O que fazemos com o que fazem conosco?
Temos múltiplas escolhas de caminhos a seguir.
Em muitas ocasiões, nos sentimos decepcionados e magoados por amigos, filhos, parceiros amorosos, colegas de trabalho. E também decepcionamos e magoamos muitas pessoas no decorrer da vida. Até mesmo sem perceber ou sem ter intenções explícitas de ofender quem quer que seja.
Fred e Marisa frequentavam o mesmo grupo de amigos. Há quatro anos, ela foi demitida. Sem reserva financeira e com a família morando em outra cidade, Marisa pediu a Fred que a acolhesse em seu apartamento até que conseguisse um novo emprego. Apesar de gostar da liberdade de morar sozinho, ele aceitou o pedido da amiga, e se sentiu constrangido para combinar com ela algumas regras básicas de convivência.
Agradecida, Marisa colaborou com as tarefas da casa nas primeiras semanas. Depois, passou a se queixar de cansaço e desgaste pelas tentativas frustradas de se recolocar no mercado de trabalho, deixando a organização da casa por conta de Fred. Dez meses depois: nenhuma oferta de emprego a agradou, e Fred não aguentava mais aquela situação. No limite, disse que não poderia mais mantê-la como hóspede.
Furiosa, Marisa disse que ele era egoísta e mesquinho. Enraivecido, Fred rebateu dizendo que ela era ingrata e insensível. A amizade foi rompida, e ambos guardam mágoas desde então.

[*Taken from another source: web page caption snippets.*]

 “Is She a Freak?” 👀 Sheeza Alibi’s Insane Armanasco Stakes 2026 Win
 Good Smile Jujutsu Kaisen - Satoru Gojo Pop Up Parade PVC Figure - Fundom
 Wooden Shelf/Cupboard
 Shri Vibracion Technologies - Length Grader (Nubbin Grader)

Como contribuímos para criar em conjunto uma situação potencialmente difícil? Pedimos aos amigos algo além do que eles podem oferecer? Temos dificuldade de dizer “não” a alguns pedidos, por medo de perder o relacionamento? Criamos altas expectativas e nos decepcionamos quando as pessoas não fazem o que esperávamos? Apresentamos uma imagem ideal de nós mesmos, escondendo a humanidade de nossos limites e imperfeições?

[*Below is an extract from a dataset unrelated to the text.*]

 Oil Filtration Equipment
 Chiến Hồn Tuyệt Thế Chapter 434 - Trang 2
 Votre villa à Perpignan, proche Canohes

Há ocasiões em que nos aprisionamos na mágoa crônica e cultivamos amargura, ressentimento, desejo de vingança ou tristeza infinita. Isso nos intoxica e nos adoece. Se não foi possível evitar que o outro nos magoasse, convém lembrar que temos a liberdade de não deixar que essa dor ocupe tanto espaço em nosso coração. Podemos decidir não generalizar a decepção (“ ninguém merece minha confiança!”) e, com isso, evitar o risco de fechar muitos caminhos de vida. Os sentimentos se transformam e se encadeiam uns nos outros. Se o que alguém fez (ou deixou de fazer) nos trouxe sofrimento, cabe a nós não permitir que essa dor se eternize e nos condene à prisão perpétua da mágoa.
É difícil encontrar alguém que não guarda mágoas. Na maioria das vezes, levamos dentro de nós, aquele nó, algo que nos sufoca, aquela mágoa que nos atormenta constantemente e não pensamos em nos livrar dela, que nos faz tanto mal, talvez até mesmo mais do que o próprio acontecimento. É preciso aprender a nos livrar destes laços, que nos prende a um passado que não irá levar a nada.
É isso, Sônia. É sempre bom lembrar que podemos escolher o que fazer com o que fazem conosco. Mesmo quando sentimos dificuldade de sair da teia da mágoa, é preciso dar prosseguimento a esse trabalho interno até conseguir sair dessa prisão que nos impede de fluir pela vida.
Adorei esse tema, teias da mágoa. Isso mesmo, criamos várias teias e ficamos presos nessas teias. A mágoa é como ferrugem, vai roendo devagar, de forma lenta e dolorosa e somente o autoconhecimento nos faz libertar dessa teia perigosa.
É isso aí, Kátia! A mágoa nos intoxica e, com isso, limita o aproveitamento de muitas possibilidades que a vida nos apresenta.